Gratitude Is a Skill

Lately, I have been thinking about gratitude. We usually treat grateful people like they were just born that way, as if it is some natural trait that only certain people have. But the more I observe myself (and other people), the more it feels like gratitude is not a trait. It is a skill. And if it is a skill, then anyone can learn it with practice.

I see gratitude as a kind of filter, a kind of lens. The situation stays the same, but the meaning shifts depending on how you choose to look at it. This is actually similar to something I read in "The Courage to Be Happy". The book talks about how our feelings follow the meaning we give to events. You are the one who has full control over how to interpret things, and then the emotion comes after. Gratitude fits perfectly into this idea. You do not wait until you feel grateful. You choose to see things in a way that makes gratitude possible.

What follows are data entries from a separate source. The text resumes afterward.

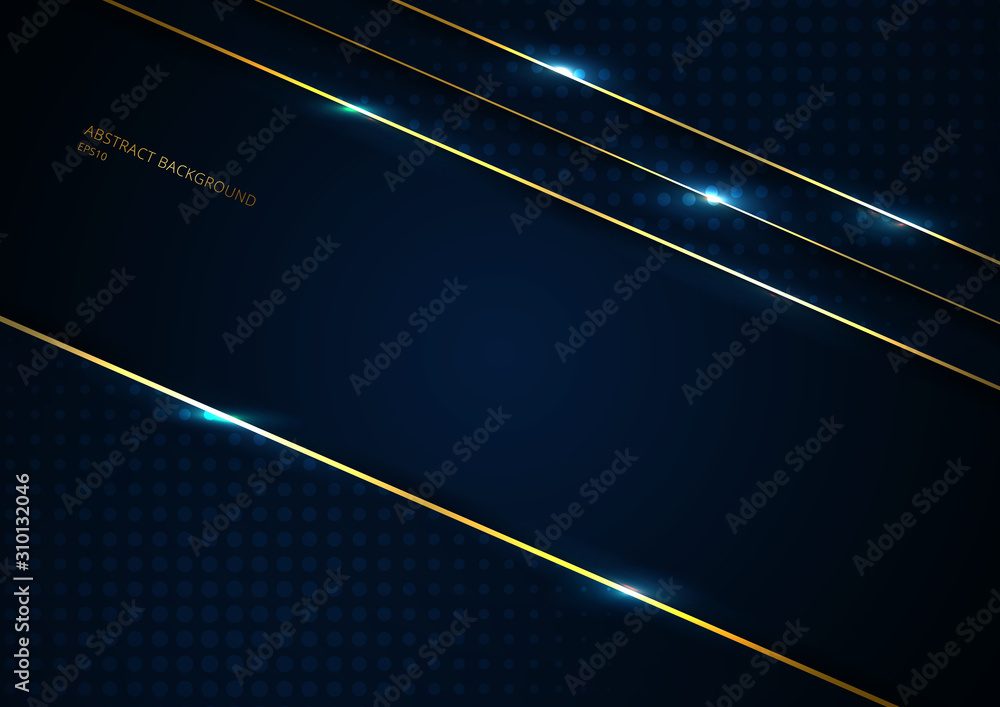 Poster abstract template dark blue background geometric triangle shape with gold lines stripe with space fo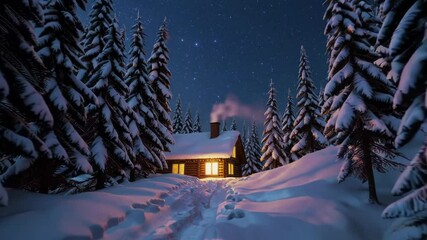 Poster - A snowy mountain trail with fresh footprints leading toward a cozy wooden cabin under a bright, star-filled winter sky.
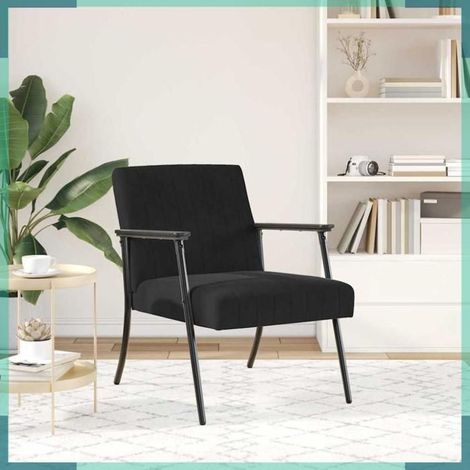 Fauteuil - 42017685 - Noir - Velours - 59 x 75 x 78 cm (1/5)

For me, this shows up in very small things. Appreciating something I normally overlook. Noticing one thing that went right before I jump straight to what went wrong. Finding something useful even in a situation I did not like. None of this was natural for me. I had to remind myself to actually do it deliberately. Of course, sometimes I still forget. But whenever I remember, the whole situation feels different.

The interesting thing is that the more I practice it, the easier the skill becomes. Not because life suddenly improves, but because my attention gets trained to look at what is working instead of what is lacking. Exactly like the red car theory.

I am still far from mastering it, and as always, still trying to do better at this. But seeing gratitude as a skill, something I can get better at instead of something I am naturally good or bad at, has made it much more practical for me.